To understand how many spectral PC should be analyzed, we plotted the variance proportion plot (Figure 10), which shows that the first two components explain over 90% of the total variance. Thus, analyzing the first three principal component is adequate for this particular dataset.

We also conduct analysis using the other comparison methods. Figure 11 shows the results using Contemperaneous Method and it did not detect the pre-ictal change points using the first two components. In figure 12 it can be seen that the Structural Break Method can only detect a change point at the end of the series and the Sparsified Binary Segmentation cannot detect the pre-ictal change point either.

We also applied our Spec PC-CP method to the log returns of the daily closing values of 9 representative $S\&P$ 100 stocks which has been analyzed in previous work (Barigozzi, Cho and Fryzlewicz, 2014). The stock data was observed between 4 January 2000 and 10 August 2016 from Yahoo finance. The total length is 4,177 days. We analyzed the following 9 stocks: AXP (American Express), BAC (Bank of America), BK(The Bank of New York Mellon), C (Citigroup), COF (Capital One Financial), GS (Goldman Sachs), JPM (JPMorgan), MS (Morgan Stanley), WFC (Wells Fargo). Figure 13 shows the stock prices of Bank of America and JP Morgan.

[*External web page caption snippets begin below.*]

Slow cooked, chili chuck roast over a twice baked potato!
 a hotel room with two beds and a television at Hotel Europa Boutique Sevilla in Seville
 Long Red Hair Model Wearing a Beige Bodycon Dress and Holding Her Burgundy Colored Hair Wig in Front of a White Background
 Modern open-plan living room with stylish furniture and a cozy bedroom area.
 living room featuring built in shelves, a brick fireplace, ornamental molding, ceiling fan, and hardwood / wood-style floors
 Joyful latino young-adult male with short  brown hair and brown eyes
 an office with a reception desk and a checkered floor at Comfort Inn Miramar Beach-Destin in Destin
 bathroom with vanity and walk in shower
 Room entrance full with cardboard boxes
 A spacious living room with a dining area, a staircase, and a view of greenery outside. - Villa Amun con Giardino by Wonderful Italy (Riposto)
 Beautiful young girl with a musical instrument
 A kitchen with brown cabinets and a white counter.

We used the first two spectral principal components for change point detection. Figure 14 gives the frequency-time plots of two stocks and the first two spectral PCs. Changes appear in multiple frequency bands in this case. The detected change points are shown in Figure 15. Most of the change points are around events that might have impact on the financial market. For example, the start of the Iraq War in 2003, The financial crisis in 2008, the Greek and EU sovereign debt crisis in 2011 and 2015. Both the first and second spectral principal components are able to detect the change points in a neighbourhood of the above events. These results demonstrates that our method also work well for stock data. Figure 16 shows the results using the comparison methods. The Contemperaneous Method has comparable estimates while the other two methods fail to detect events such as the financial crisis in 2008 and the debt crisis in 2015.